Attorneys for Stadium Naples defendant Paul Hardy filed motions in the 2nd District Court of Appeal on Tuesday to stop his trial from beginning Monday, and to have the charges dropped.

Claiming the statute of limitations has run out on the charges against Hardy, Miami attorneys Scott and Howard Srebnick asked the appellate court to overrule Senior Circuit Judge Stephen Dakan’s Dec. 22 decision to deny a motion to dismiss the charges. Dakan ruled against the motion without prejudice, saying he would revisit the motion after the state presented its evidence at trial.

The Srebnick brothers also filed a motion Tuesday in Collier Circuit Court, asking Dakan to stay the trial pending outcome of the appellate court decision.

The 2nd District Court of Appeal issued an order Tuesday giving state prosecutors until noon Friday to respond to the defense attorneys’ motion.

Jury selection is scheduled to begin Monday in Sarasota for the joint trial of Hardy, developer of The Strand, and former Collier County Commissioner John Norris. Hardy, who is charged with racketeering and racketeering conspiracy, is accused of giving Norris a stake in the Stadium Naples deal to curry favor on votes beneficial to his development projects. Hardy is also charged with participating in a $300,000 cash transaction that was never reported to authorities. Norris is charged with racketeering, racketeering conspiracy and four counts of unlawful compensation.

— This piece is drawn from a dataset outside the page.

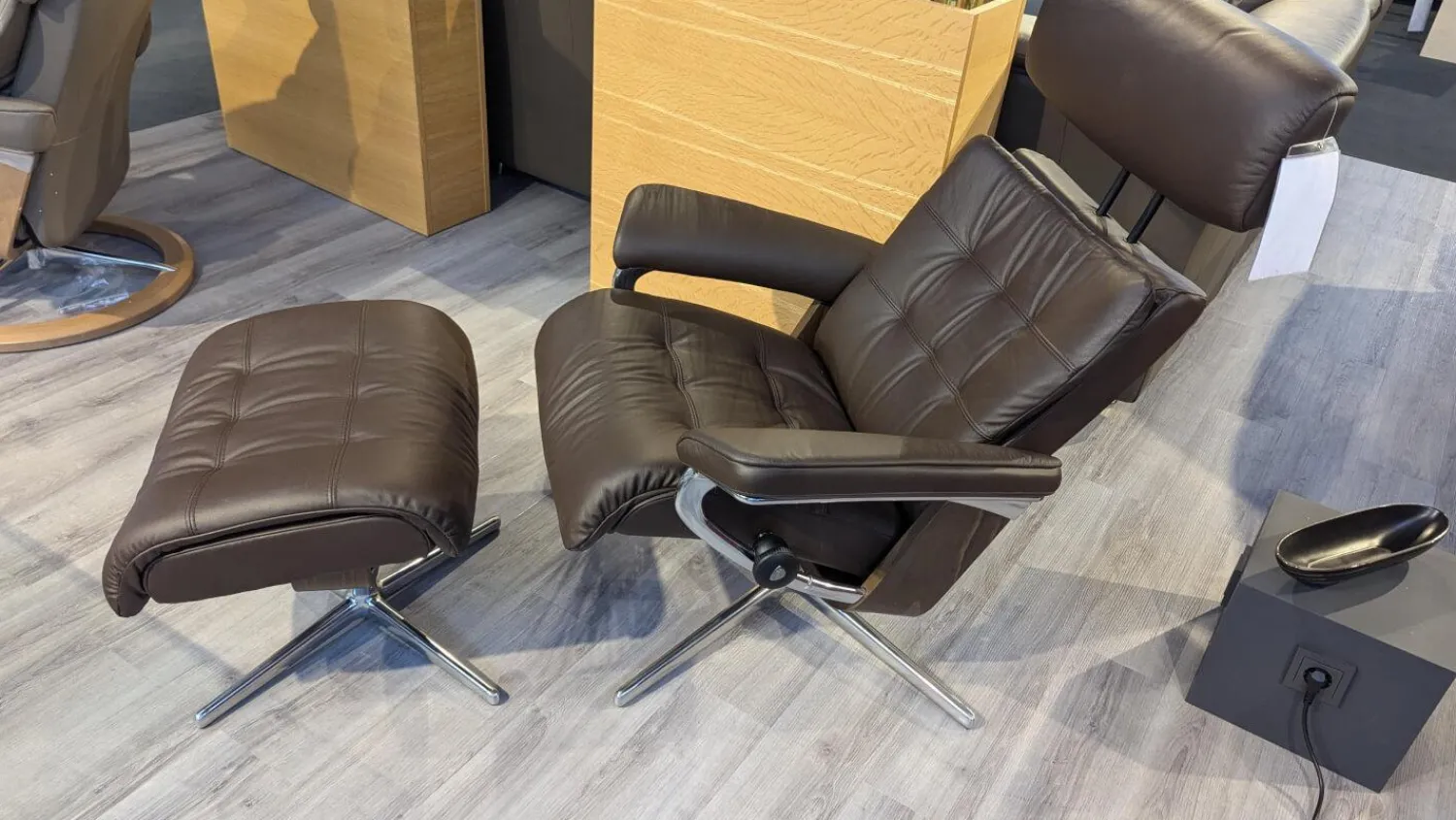 Stressless Relaxsessel|Sessel Erik M Leder Paloma 33 Espresso Braun Grau Holz Walnuss 06 Gestell Cross 40 Alu Mit Hocker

Howard Srebnick said Tuesday the appellate court could rule several ways.

“Sometime Friday we would expect the court would decide one of four scenarios,” he said. The court could dismiss the charges outright, grant the stay while taking more time to decide whether to dismiss the charges, deny the stay and deny the dismissal of the charges, or deny the stay and consider dismissing the charges while the trial goes forward, he said.

If the charges are dismissed against Hardy, the ruling would have no impact on Norris’ trial. Norris’ attorney did not claim a statue of limitations argument, because his last act occurred in 1999. If Hardy is granted a temporary stay, it was unknown Tuesday whether the state would go forward with Norris’ trial Monday.

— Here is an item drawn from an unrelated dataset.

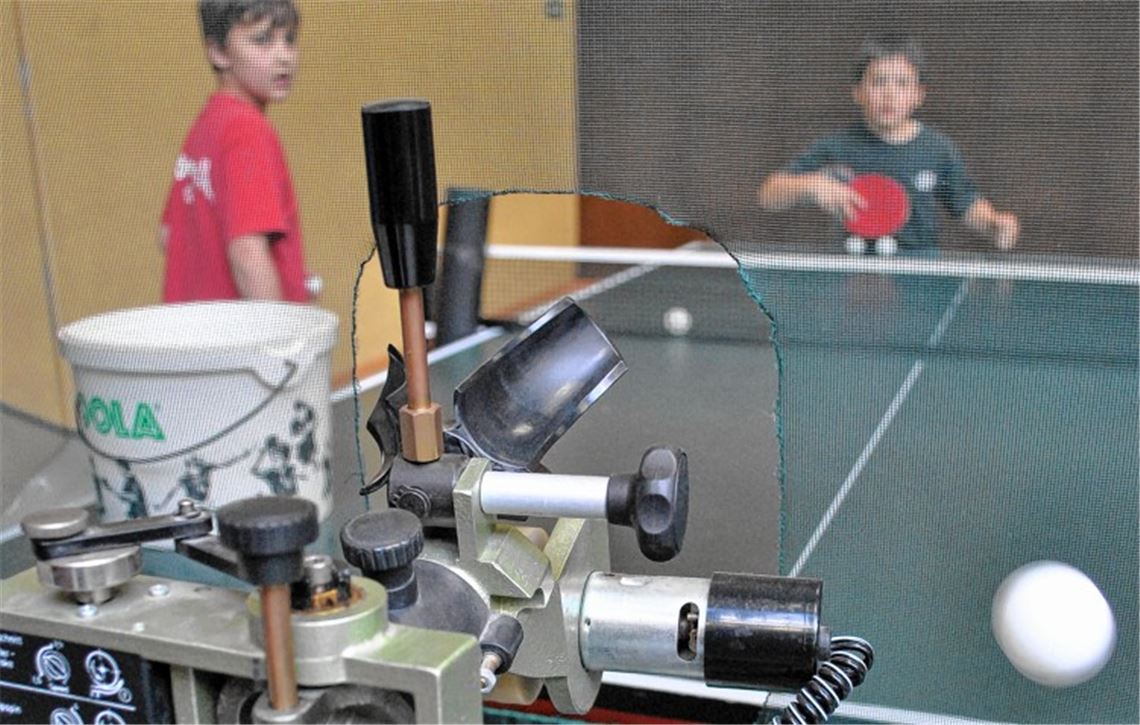 Kräftemessen mit der Ballmaschine: Bei den mini-Meisterschaften in Ötisheim können die Teilnehmer ihre Fähigkeiten mithilfe des Roboters erproben.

In the motions filed Tuesday in appellate court, the Srebnicks made the same arguments they made in Circuit Court on Dec. 22: That any acts Hardy committed related to Stadium Naples occurred in 1996-97, “more than five years before the filing of the (latest charges) on June 10, 2003.”

The Stadium Naples deal collapsed in July 1997 after Norris’ financial interest was disclosed to the public. By April 1998, Hardy was voluntarily cooperating with law enforcement agents by answering questions about Stadium Naples, defense attorneys argued. Furthermore, they argued, whatever involvement Hardy had with the $300,000 cash that was not reported, ended when the deadline to report the transaction passed in September 1997.

However, prosecutors argued during the Dec. 22 hearing, that Hardy was not truthful in his April 1998 statement to investigators, which only continued to further the conspiracy. They also argued that the last act involving the $300,000 did not occur until Feb. 28, 2001, when the money was paid back. Also, the charges filed in June 2003, were not substantially different from the charges filed in December 2001.

Ten defendants have been charged in the Stadium Naples public corruption case including three former county commissioners, a former county manager, three developers and their attorney, the founder of ESPN and a now-convicted stock-fraud swindler.

Norris and Hardy are the last two defendants facing charges. Eight have pleaded to reduced or related charges. Only former Commissioner Tim Constantine served jail time.